O PASSADO NÃO EXPLICA O AGORA

Não se assustem com a afirmação de aparente menosprezo ao passado, explicitada no título. Há um exagero proposital nela. Quem lê o que escrevo sabe o valor que dou as relações entre passado, presente e futuro. É claro que todas as etapas da vida estão encadeadas. Aproveito até para recomendar o maior sobre o tema, Marcel Proust, e sua magnífica obra “Em Busca do Tempo Perdido“, que se tornou tão cult entre nós cariocas que foi parar até nos eventos de filosofia.
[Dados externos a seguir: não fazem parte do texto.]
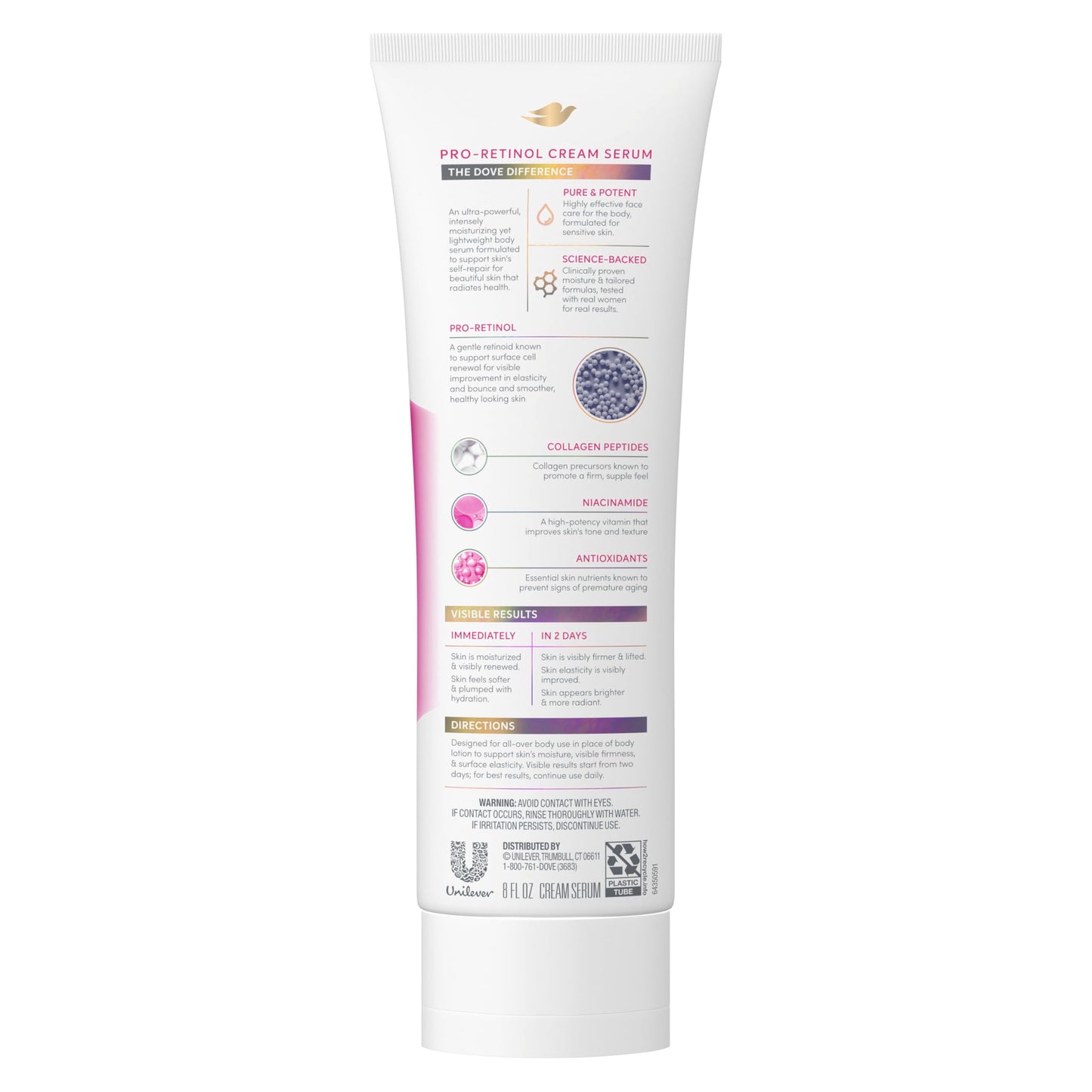 Dove Cream Serum Pro-Retinol + Firming for Elasticity and Firmness, with Collagen Peptides, Niacinamide and Antioxidants Lotion, 8 oz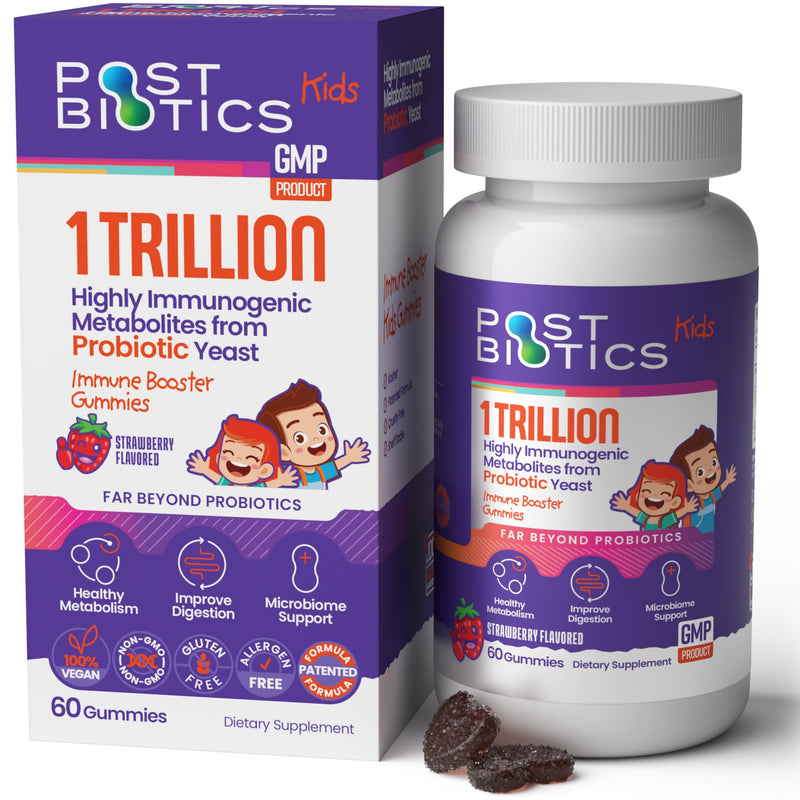 NAVEH PHARMA Postbiotics Kids Strawberry Gummies. Children’s Postbiotics, Ages 4+, 1 Trillion Good Bacteria 200X Ingredients Than Probiotic Or Prebiotic. Gut Health, Immunity, Digestion & Microbiome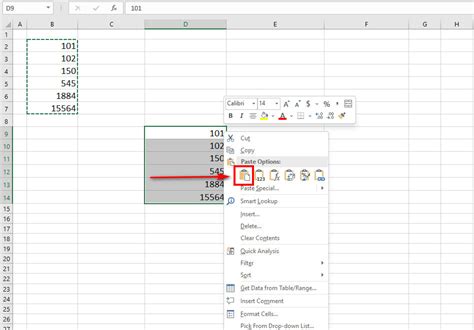 copy and paste multiple cells in excel
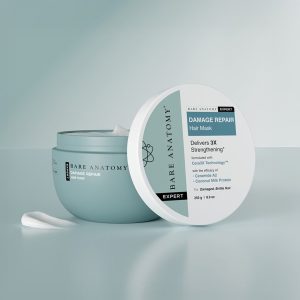 Beauty and skincare products including hair mask and peptide serum for glowing skin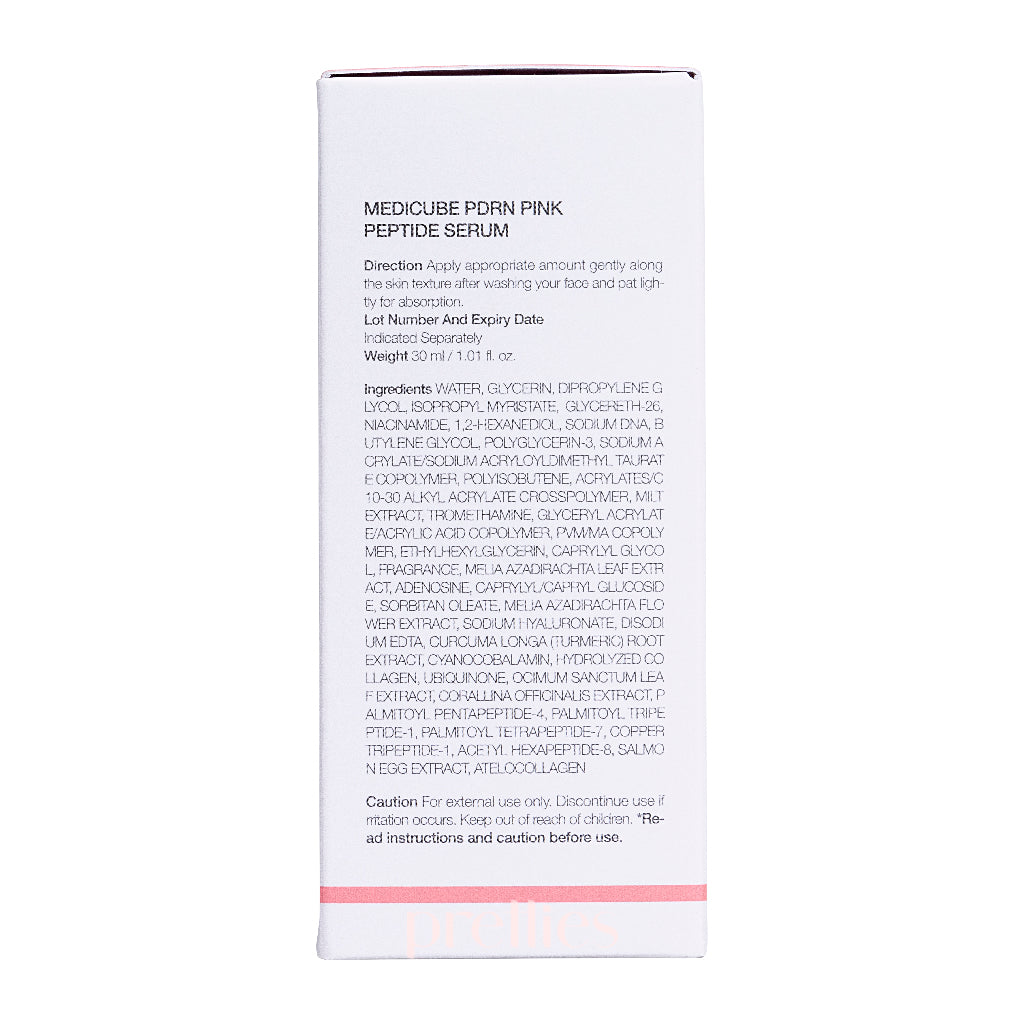 Medicube PDRN Pink Peptide Serum 30ml - Anti-Aging Facial Treatment for Wrinkles & Hydration | Perfect for Daily Skincare Routine & Night Care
Feita essa mea culpa, vamos ao que interessa enfatizar.

Quando envelhecemos, trazemos um volume assombroso de vivências. Com mais de meio século na face da Terra, desde que bem vividos, uma pessoa é rica. Creio nisso. Mas a vida não é só feita de acumulação de experiências. Muitas passam a viver apenas circulando nessas gavetas de memórias, o que é uma coisa linda de se ver.

Dessa gaveta podem sair análises mais elaboradas sobre aquilo que viveu, sobre como era quando menor, na adolescência, na juventude em que trabalhou. Ao circular entre seus vários momentos, pode recuperar com o sabor de um vinho envelhecido as novas sensações de antigos carnavais.

Tudo isso é lindo, tem seu valor na ocupação de espaços de troca.
O problema é quando estas memórias se tornam repetitivas, a ponto de impedirem a experimentação do agora. É que pode acontecer um adormecimento capaz de produzir esse congelamento do tempo, no passado. Essa tendência se torna perigosa, na medida em que impeditiva do desfrute do instante, a espera para ser vivido, com a ajuda de tudo que veio antes, mas único, porque os momentos não se repetem.

As sensações e sentimentos do dia de hoje, são para o dia de hoje a sua hora da estrela, o ápice do sol sob sua cabeça, o calor que a vida lhe solicita. Não se deixe levar pelas lembranças, esquecendo do mundo ao seu redor e se alienando das oportunidades que ele lhe oferece a cada segundo.

O agora, se repete sem ser repetitivo, enquanto estivermos vivos. Fique atento a ele e desfrute da sua seiva anímica.